Meir can be tested in a fairly simple way, testing the brains of mammals that do not use cell phones (laboratory mice for example).
And maybe it's because of the radiation of the cellular devices, DNA that is knocked out only that the cells don't replicate like in cancer.
I think the proof is quite simple, even though there is great variation in the minds of different people, we still all function in a similar way and our average intellectual ability is quite similar.
Uri, the genetic difference between a human and a chimpanzee is only 1.5%. So every small change has meaning. Beyond that, negation of causality requires proof like any other argument.
Perhaps a better example is trees in the forest, although there is great variation between the trees and no tree is the same as the tree next to it yet in all practical respects there is no difference between a particular piece of forest and the one next to it.
That is, it could be that even if every neuron was exactly the same as every other neuron created according to the same piece of DNA, the neural network would still continue to function in the same way in all practical respects.
Following on from the analogy I brought before (if it is true) this is similar to a car that comes off the production line when it is almost exactly the same as other cars in the line, but over time it gets hit here, bent there, scratches, scuffs and the like.
Still it is almost no different in its performance from other cars that came off the line. In the same way, it may be that the difference between the neurons is quite negligible in terms of its effect on the function of the neuron as part of the neural network.
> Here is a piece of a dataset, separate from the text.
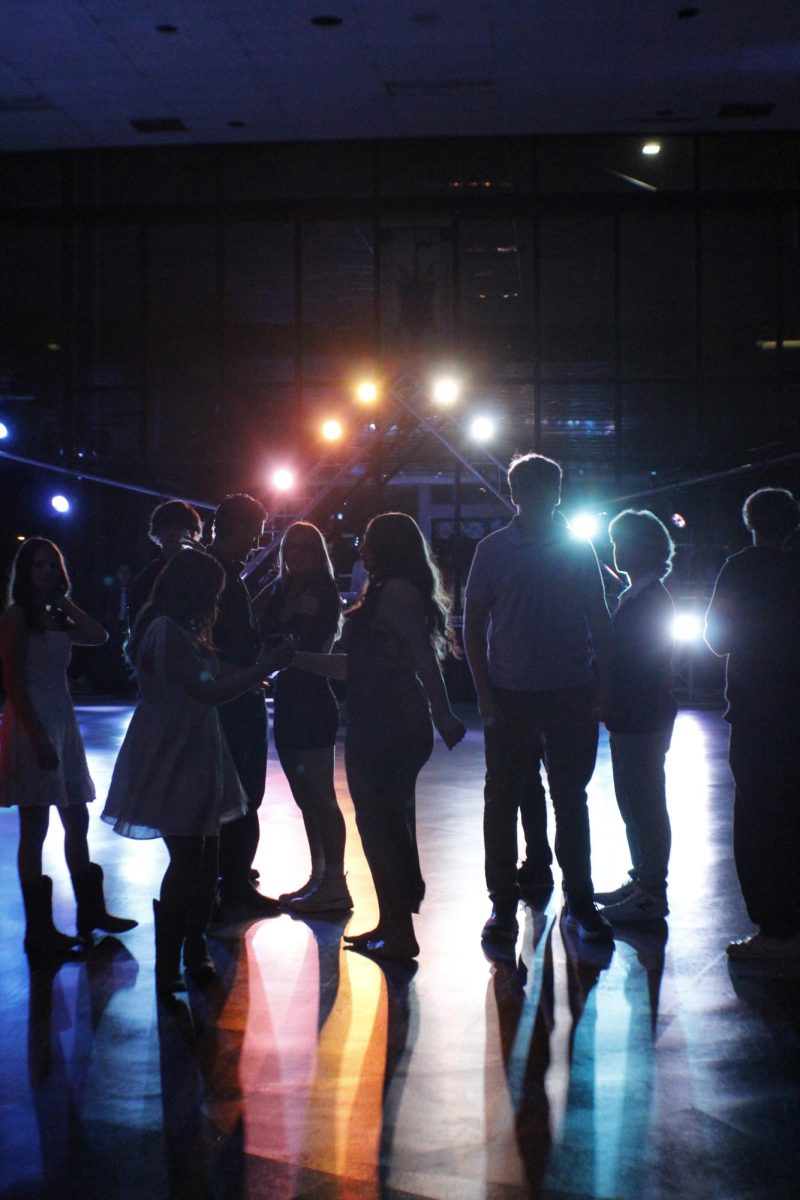 Students under the lights of the winter dance floor. Photo by Isabella Howard.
You are not paying attention to the more fascinating point. I quote: "It is now estimated that the great variation in the genome of nerve cells results from changes at a late stage of fetal development and are not hereditary."
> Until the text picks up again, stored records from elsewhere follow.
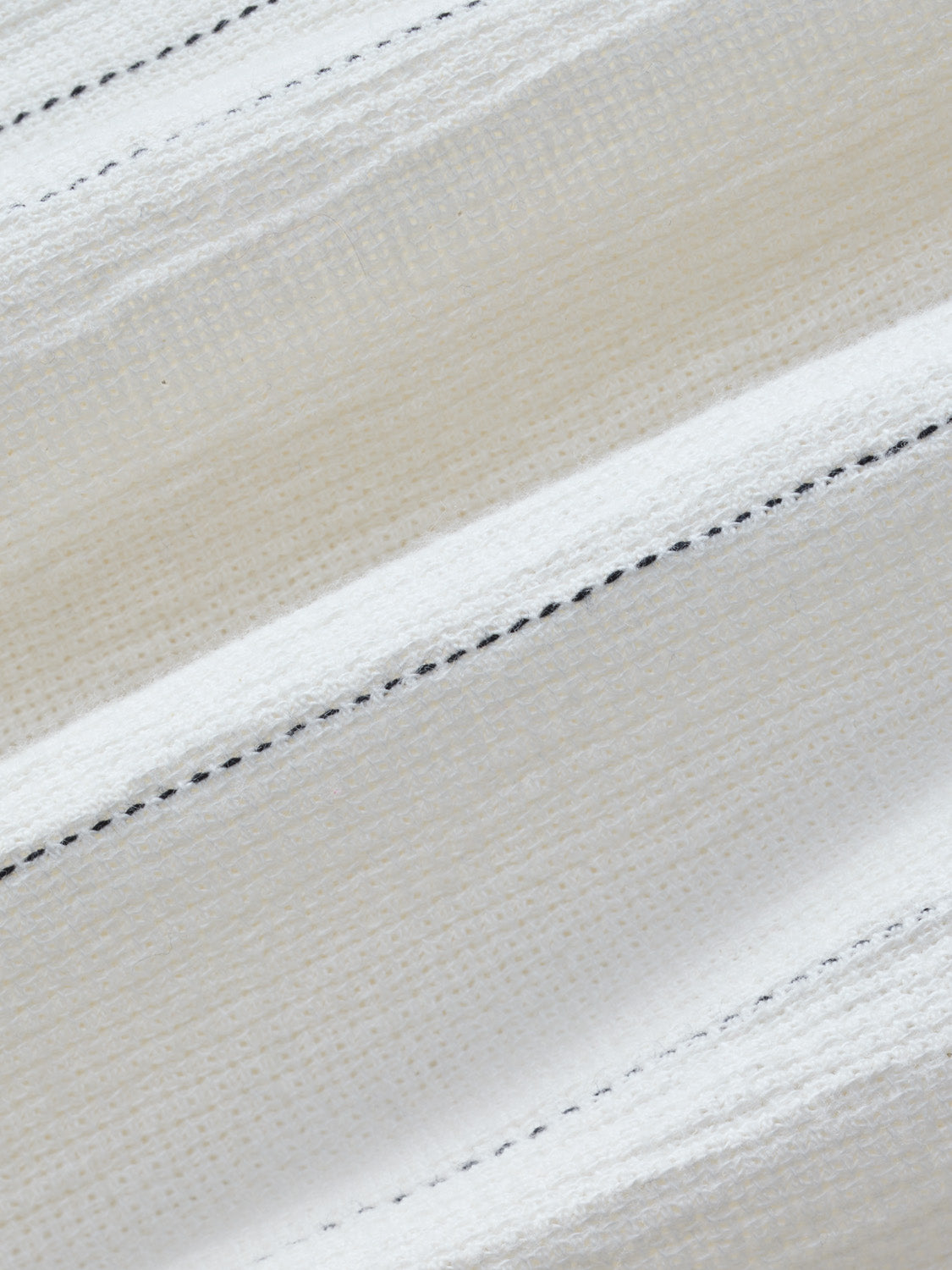 Cream and white textured fabric with horizontal stripes separated by black dashed stitching.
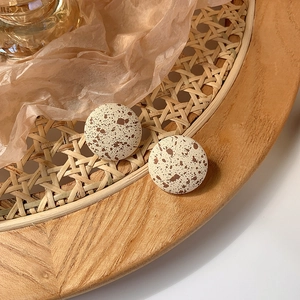 Detailed macro view of ivory round resin studs with brown splatter spots on rattan tray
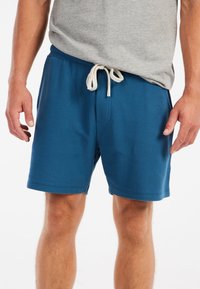 Blå teksturerede shorts med elastisk talje, featuring en beige snorlukning og sidelommer. Bæres med en grå skjorte.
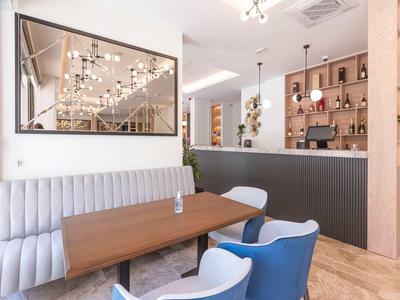 Zona pranzo moderna con tavolo in legno lungo, divano grigio e sedie blu.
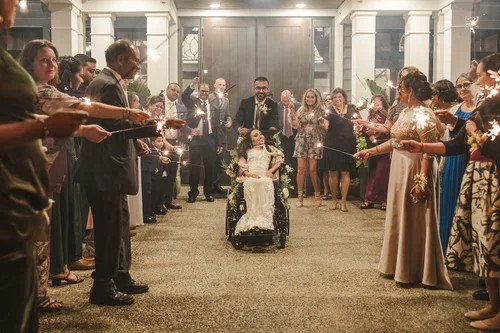 Bride+in+wheelchair+sparkler+send+off+at+Whistle+Bear+Golf+Course+photo+by+Fedora+Media.webp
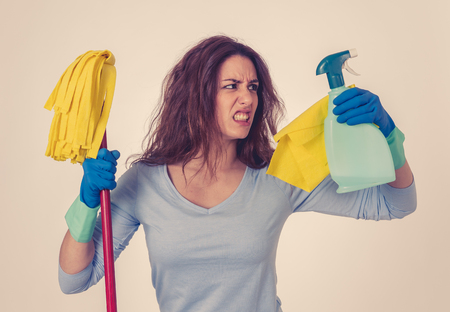 Beautiful angry and upset woman holding mop and cleaning spray feeling frustrated and furious in domestic duties concept and gender stereotypes. Studio portrait isolated on blue background.の写真素材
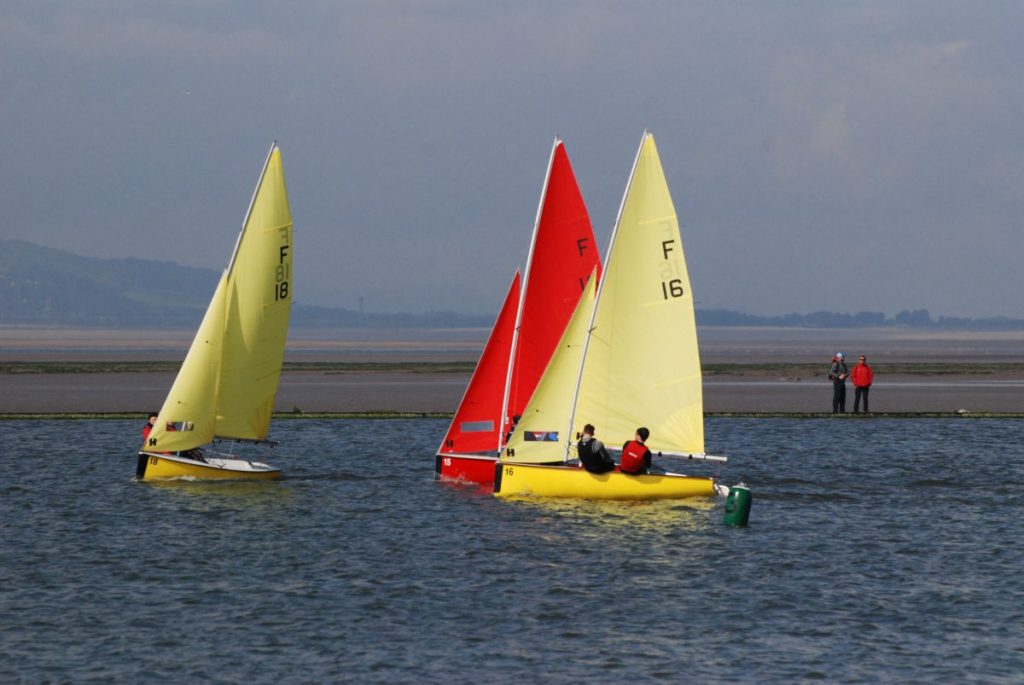 Three small sailboats, two yellow and one red, race on a body of water near the shore. Two people stand on the shore in the background, and hills can be seen in the distance under a cloudy sky.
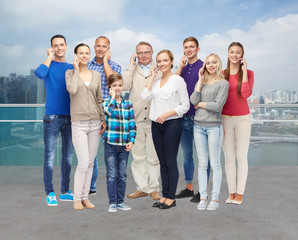 Wall Mural - group of smiling people with smartphones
That is, not only variation, but also plasticity.
Maybe there is simply no meaning to this difference? That is, it may simply be negligible, just as there is always some variation between engines of the same manufacturer in a certain model of car (piston diameter, level of sealing, etc.) but still the car drives and there is almost no perceptible difference in performance between cars from the same production line.
Fascinating, thanks Mike
Anonymous user, according to my understanding the genetic variation in the cells of the immune system is very limited. This is not the case with neurons.
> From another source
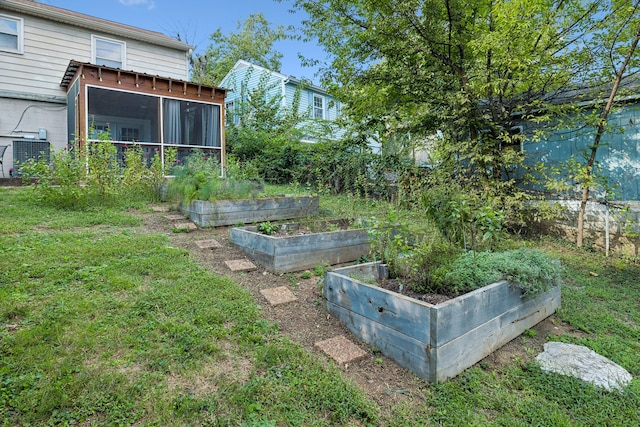 view of yard with a sunroom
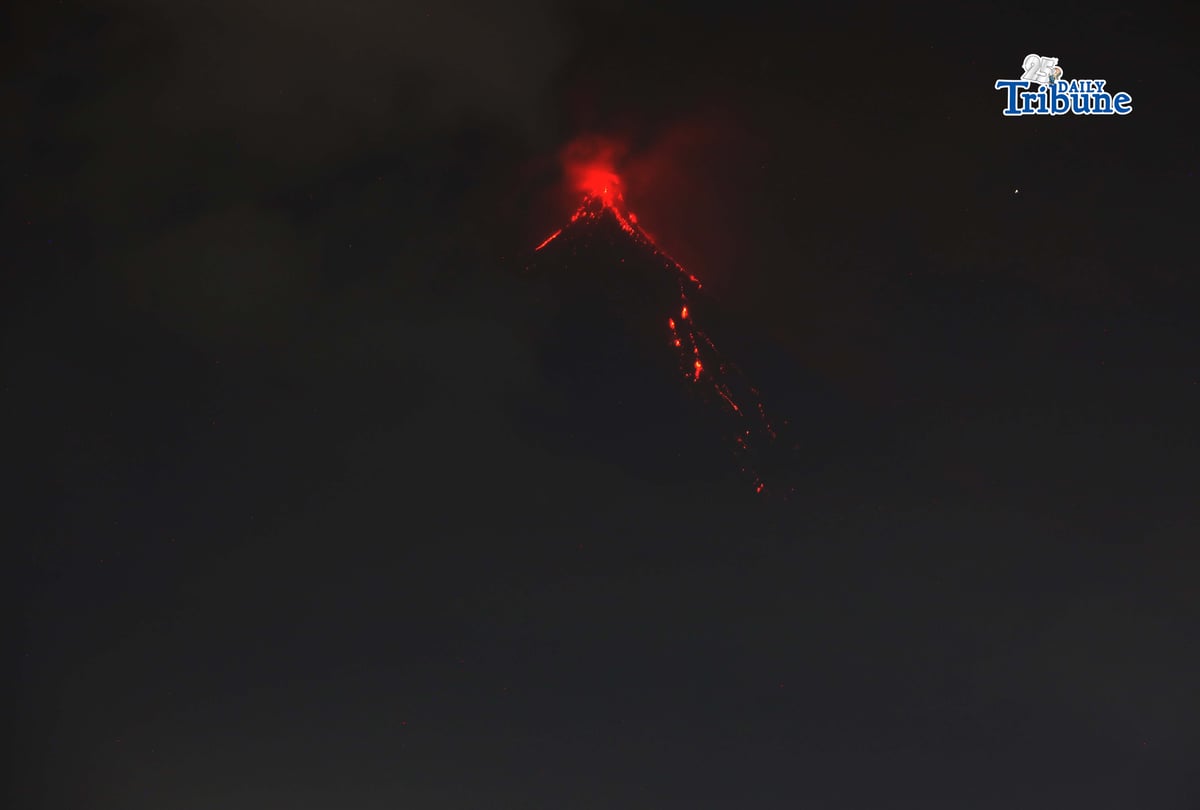 Pyroclastic density currents flow down the slopes of Mayon Volcano as seen from Legazpi City on Sunday night, 18 January 2026.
The entire system of immune memory is based on genetic variation between the cells of the immune system
יוני
In the case of a nerve injury, the information in the DNA allows for the reconstruction of the synapse pathways. So that the continuous updating of the DNA following the change of the cell structure, in the event of an injury, enables the restoration of the memory through the rebuilding of the synapses.
It is also possible that the change in the DNA was done even before the change in the cell structure, which helps the synapse easily find its way in the brain. This is one of the open questions in neuroscience, how the synapse calculates its route.
Interesting response Mike.
"It is very likely that the DNA that stores the information about the neuron will also change..."
Why is this assumption reasonable? Where do you think the change comes from? Mutation?
Why would the DNA in a neuron cell have a higher mutation rate than the rest of the DNA in the body?
I thought so and I'm glad to see I was right. If we take into account that neurons, unlike other cells, are plastic and change all the time, and no two are alike in terms of the number of synapses, and their weight, what's more, in the case of neurons, the location and specific connections of each neuron are also important. It is also very likely that the DNA that stores the information about the neuron will constantly change in certain parts.
In the future we may be able to collect the DNA of all the neurons from a dead person, and with their help revive the brain.